(301b) Empirical Study of Fluid Dynamics in Large Scale Fermentations Via Flow-Following Sensor Technology | AIChE

(301b) Empirical Study of Fluid Dynamics in Large Scale Fermentations Via Flow-Following Sensor Technology

Biomanufacturing has shown the potential to replace or enhance products in a diverse set of traditional industries in the food, fuels, chemical and materials sectors with sustainable alternatives. Scaling up bioreactors promises economy of scale by amortizing CAPEX and OPEX over greater production volumes, and the need to deploy sustainable, scalable and innovative biomanufacturing solutions is becoming increasingly important. Cargill has a wide diverse line of fermentation products that are constantly expanding to meet demands in these sectors.

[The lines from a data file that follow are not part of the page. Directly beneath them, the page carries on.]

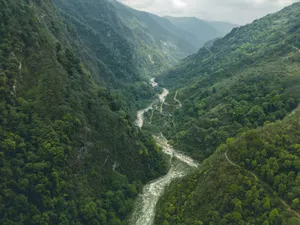 Scenic aerial view of a lush green valley with a winding river in Ghandruk, Nepal, highlighting natural beauty and tranquility. jigsaw puzzle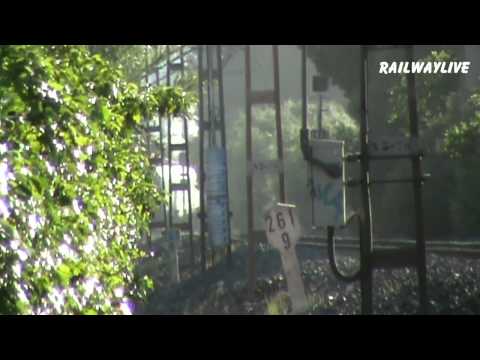 RENFE train hauled by Class 252 through holiday resort Cambrils (HD)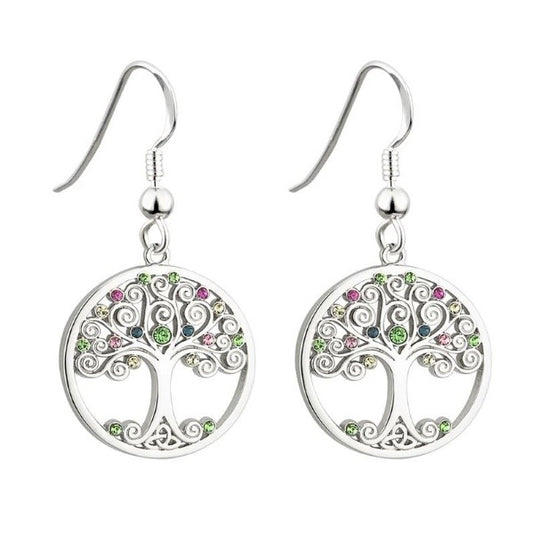 A pair of round, silver tone earrings of a tree with swirly branches decorated with multicolor glass crystals, and a trinity knot for roots.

Remaining competitive in large-scale fermentation relies on the continuous development of innovative technologies to better monitor, understand and enhance the performance of our microorganisms in their highly complex bioreactor environments. Such developments reside with R&D as technology providers of our fermentation processes, leveraging deep scientific knowledge and pilot scale models. Despite the development of computational capacity, CFD simulations of large-scale aerobic fermentations remain a huge challenge due to the complex phenomena occurring at this scale. Fluid properties can change significantly during the fermentation, sometimes changing from Newtonian to non-Newtonian fluid. Many industrial bioreactors use state-of-the-art fixed sensors to measure physiochemical parameters, like pH, dissolved oxygen, conductivity, temperature, pressure etc., but acquisition of spatially distributed parameters is still very complex.

We have leveraged the flow-following sensors in Cargill pilot and industrial scale bioreactors to gather unprecedented empirical data on hydrodynamic behavior and gradients in pH, dissolved oxygen and temperature across the whole bioreactor. The measurement frequencies of these flow-following sensors are in the range of microseconds, which enable tracking fluid flow by analyzing the positional data along with the accurate representation of homogeneity of key parameters. Using this data, we have been able to measure hydrodynamic parameters like mixing time, circulation time and axial-velocities with spatial and temporal resolution in aerobic fermentation systems where the matrix is constantly changing. This has facilitated the development of data driven hydrodynamic compartment models that require much less computing power than CFD and can explain the mixing behavior inside pilot and industrial scale aerobic reactors.

Application of such emerging technologies has allowed Cargill to understand and draw conclusions on the impact of reactor design elements on the hydrodynamic characteristics and physiochemical gradients from a novel and alternative approach. These empirical models have the potential to improve mixing and aeration designs that will not only satisfy the oxygen transfer requirements but will also minimize energy input, identify & prevent dead zones, and reduce mixing time. All of these are major drivers in commodity fermentation economics.